[Opening Task inputs section]
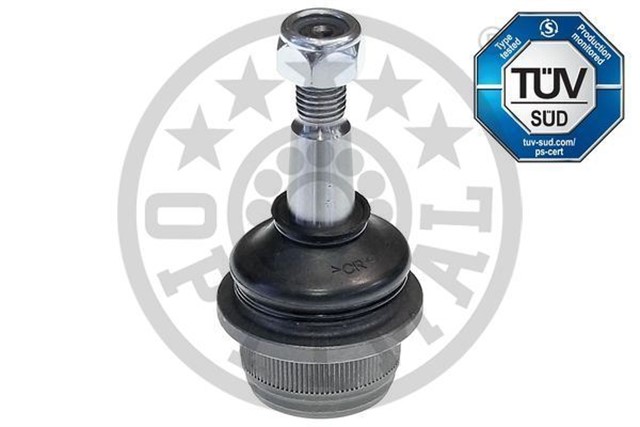 TASIYICI /KILAVUZ MAFSALI 1500.160031 - 1500.1600 SCHR GHECK31 - 1500.1600 VARIANT36 - KAEFER - KAEFER CA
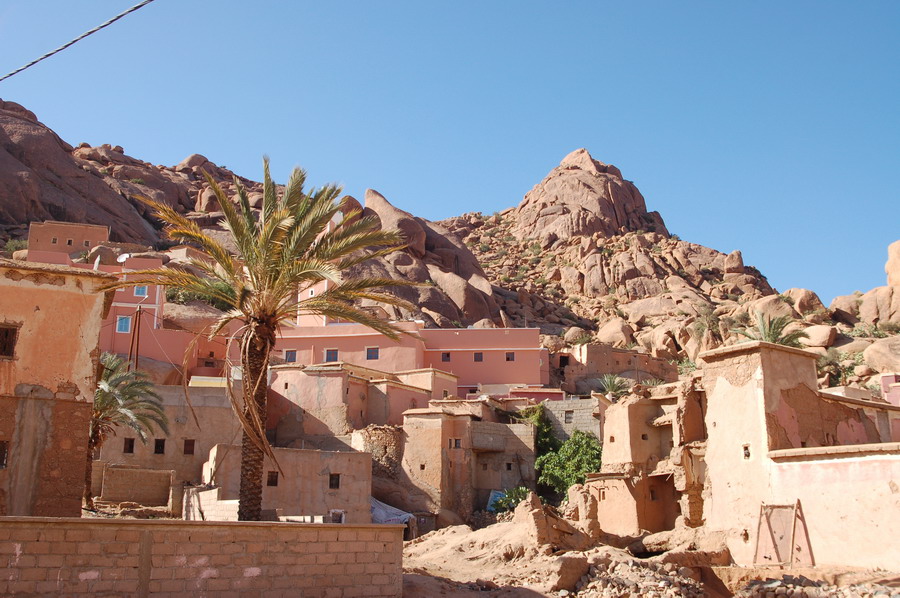 morocco-massa-mountain1532163919.JPG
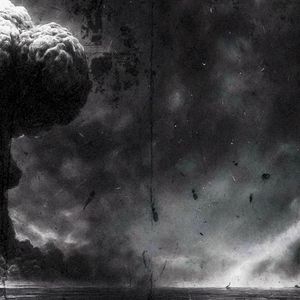 Impact (Single)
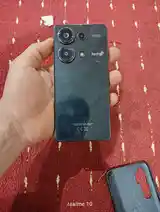 Xiaomi redmi not 13 pro 256-3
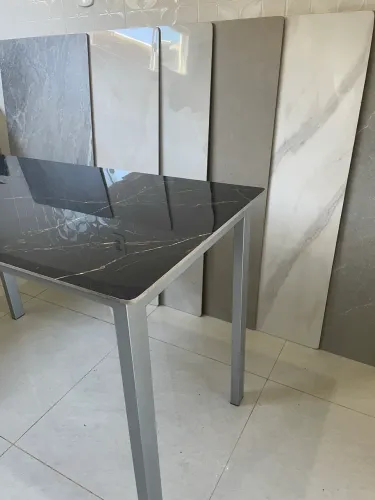 Mesa Total clean Mil Evolui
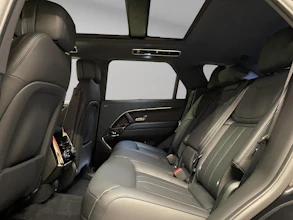 https://vehicle.imgix.net/4324860/4931580c-977d-4c90-abed-b0af07e3184b.jpg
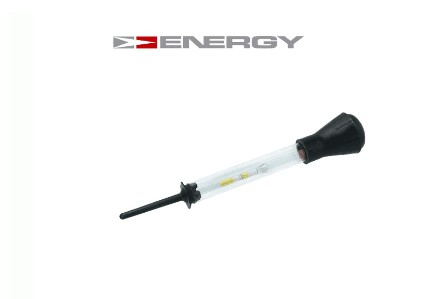 TESTER PŁYNU CHŁODNICZEGO
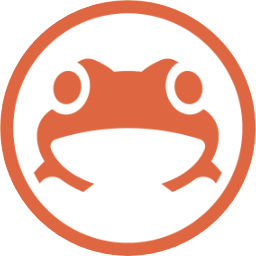 HYLA Partner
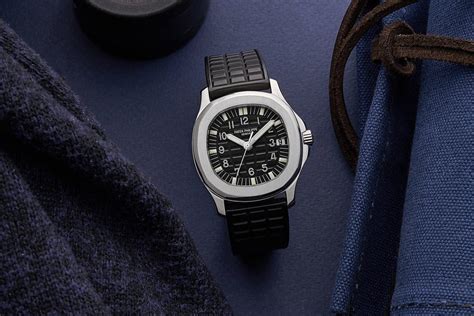 patek philippe entry level|patek philippe least expensive.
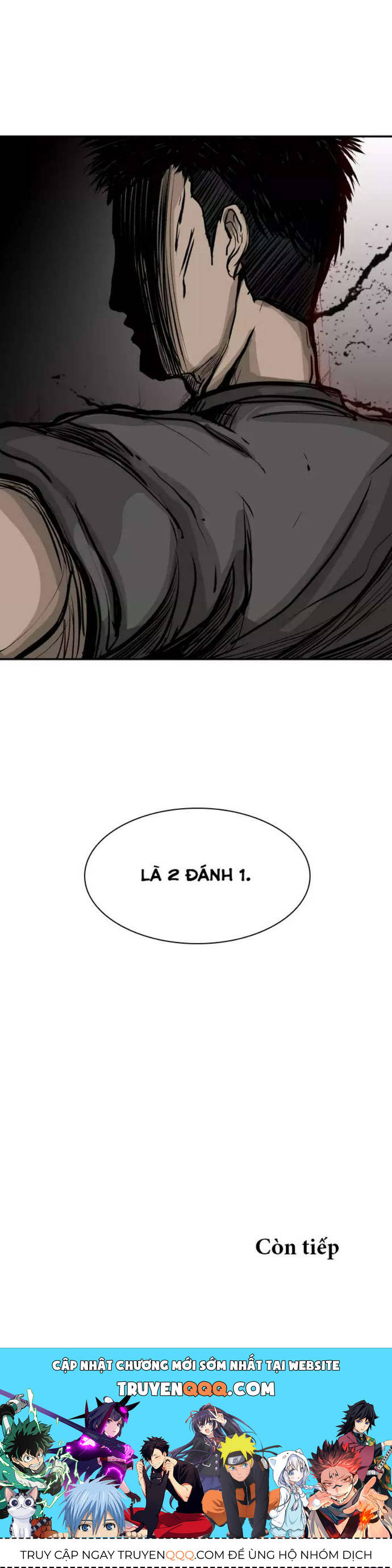page_34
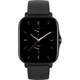Смарт-часи Amazfit GTS 2 Space Black (New Version) - зображення 3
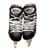 Used CCM POWERLINE  600 Junior Hockey Skate Junior 05 11812-S000162745 View 2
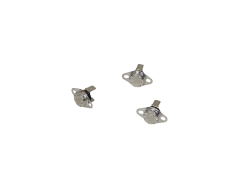 Термостат KSD302-110 АО ПТЗ
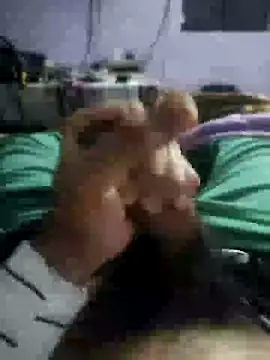 Snapshot of youngbull_21delhi chatting on 12-20-24, 08:28 youngbull 21delhi online show from 12-20-24, 08:28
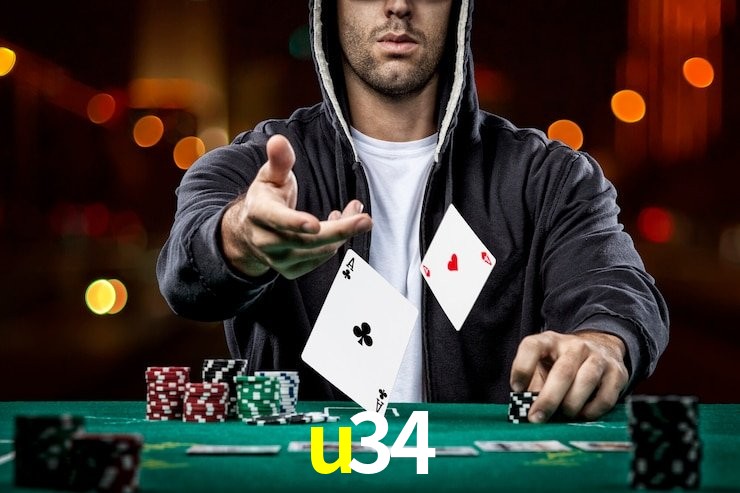 u34,u34.com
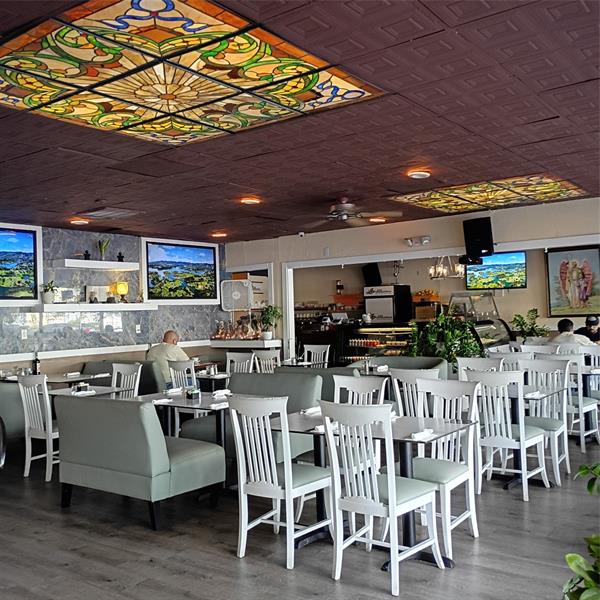 900 E Atlantic Pompano Beach FL 33060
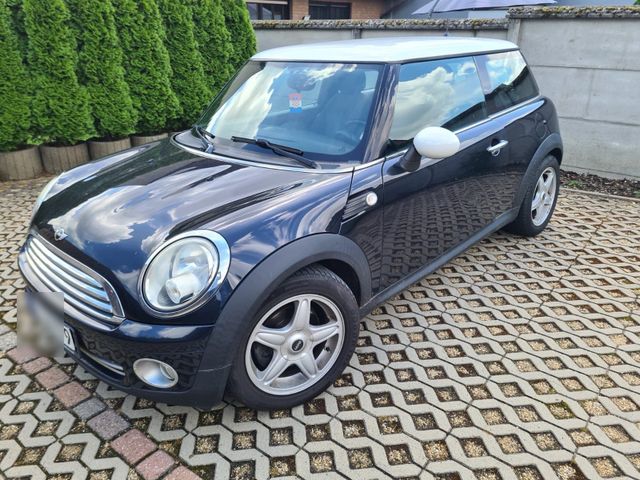 MINI Mini Cooper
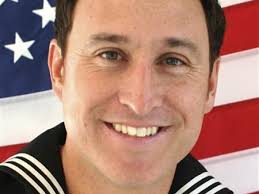 Portraits of Navy SEALs killed in helicopter crash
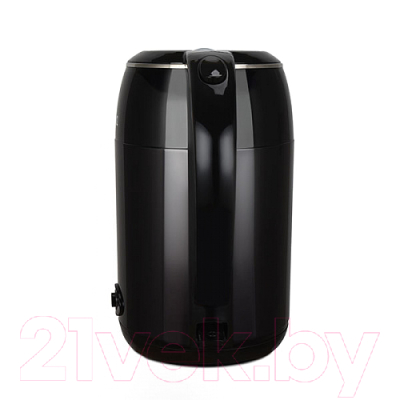 Электрочайник BQ KT1800SW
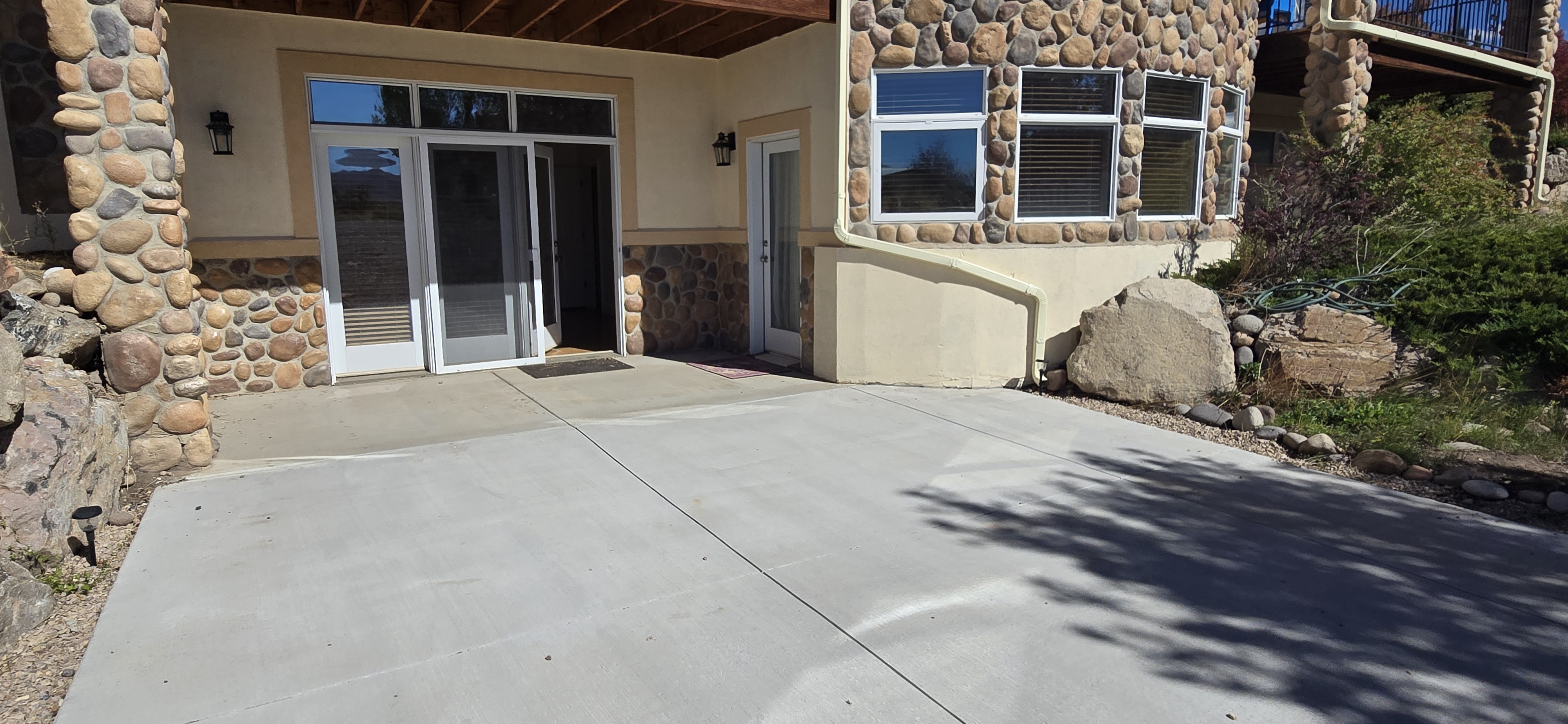 Heber City House: 996 Sage Creek Ct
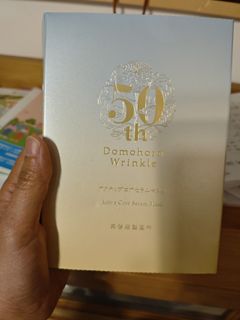 （分類：）位於 。 由 little_leaf914 提交（商品編號 1432068501，圖片 1）。簡介： 。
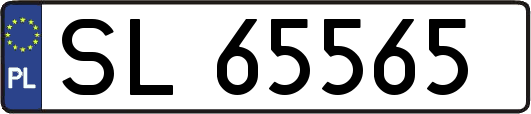 SL65565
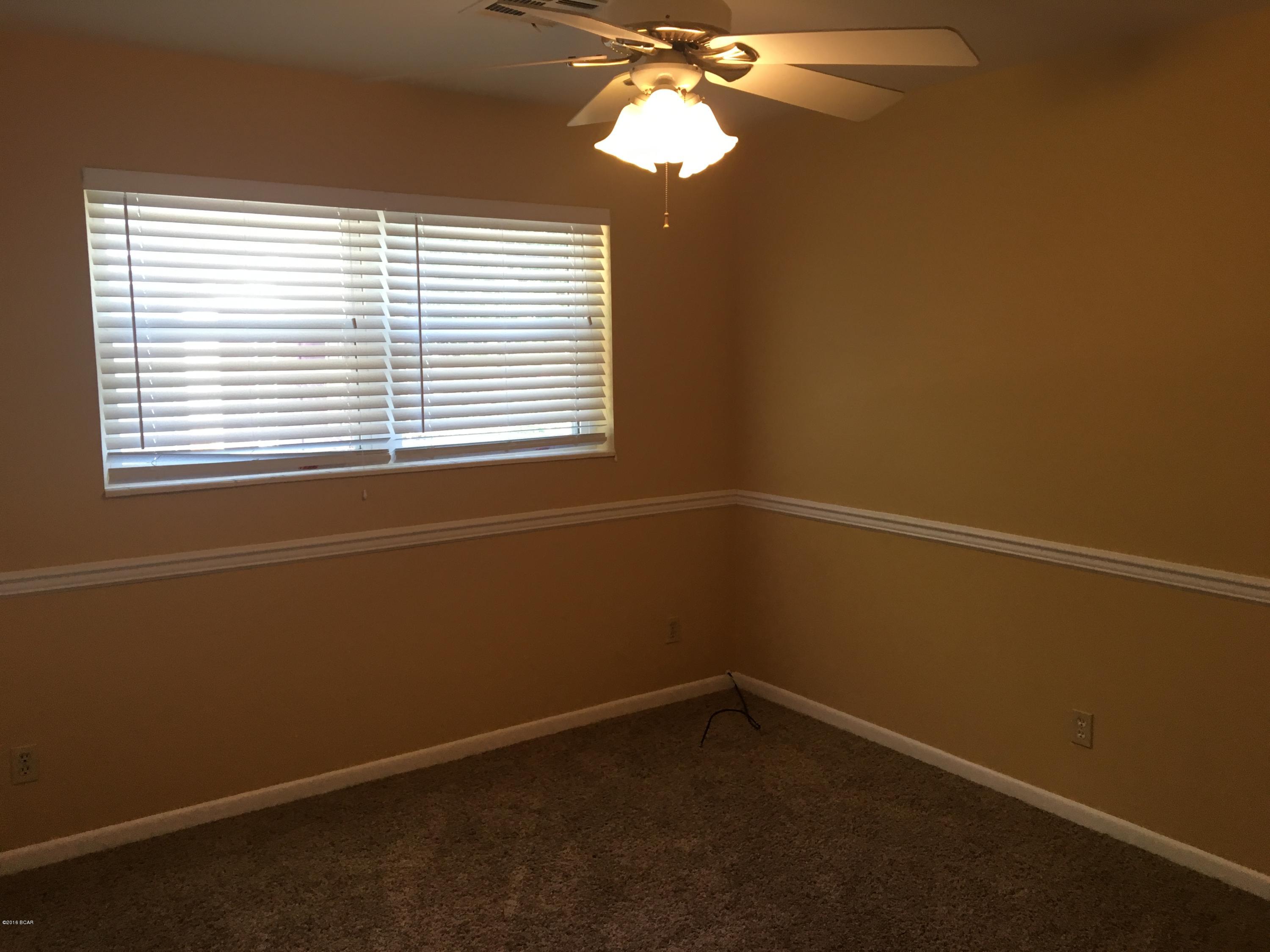 Point Royal Homes Unit 1 - Residential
[Closing Task inputs section]
* _Description of the task_
From the records above, give again only the part that opens with the line containing "patek philippe entry" and closes with the line containing "Portraits of Navy". Keep both ends but drop the pictures.

* _Output for this exercise_
 patek philippe entry level|patek philippe least expensive.
page_34
Смарт-часи Amazfit GTS 2 Space Black (New Version) - зображення 3
 Used CCM POWERLINE  600 Junior Hockey Skate Junior 05 11812-S000162745 View 2
 Термостат KSD302-110 АО ПТЗ
 Snapshot of youngbull_21delhi chatting on 12-20-24, 08:28 youngbull 21delhi online show from 12-20-24, 08:28
 u34,u34.com
 900 E Atlantic Pompano Beach FL 33060
 MINI Mini Cooper
 Portraits of Navy SEALs killed in helicopter crash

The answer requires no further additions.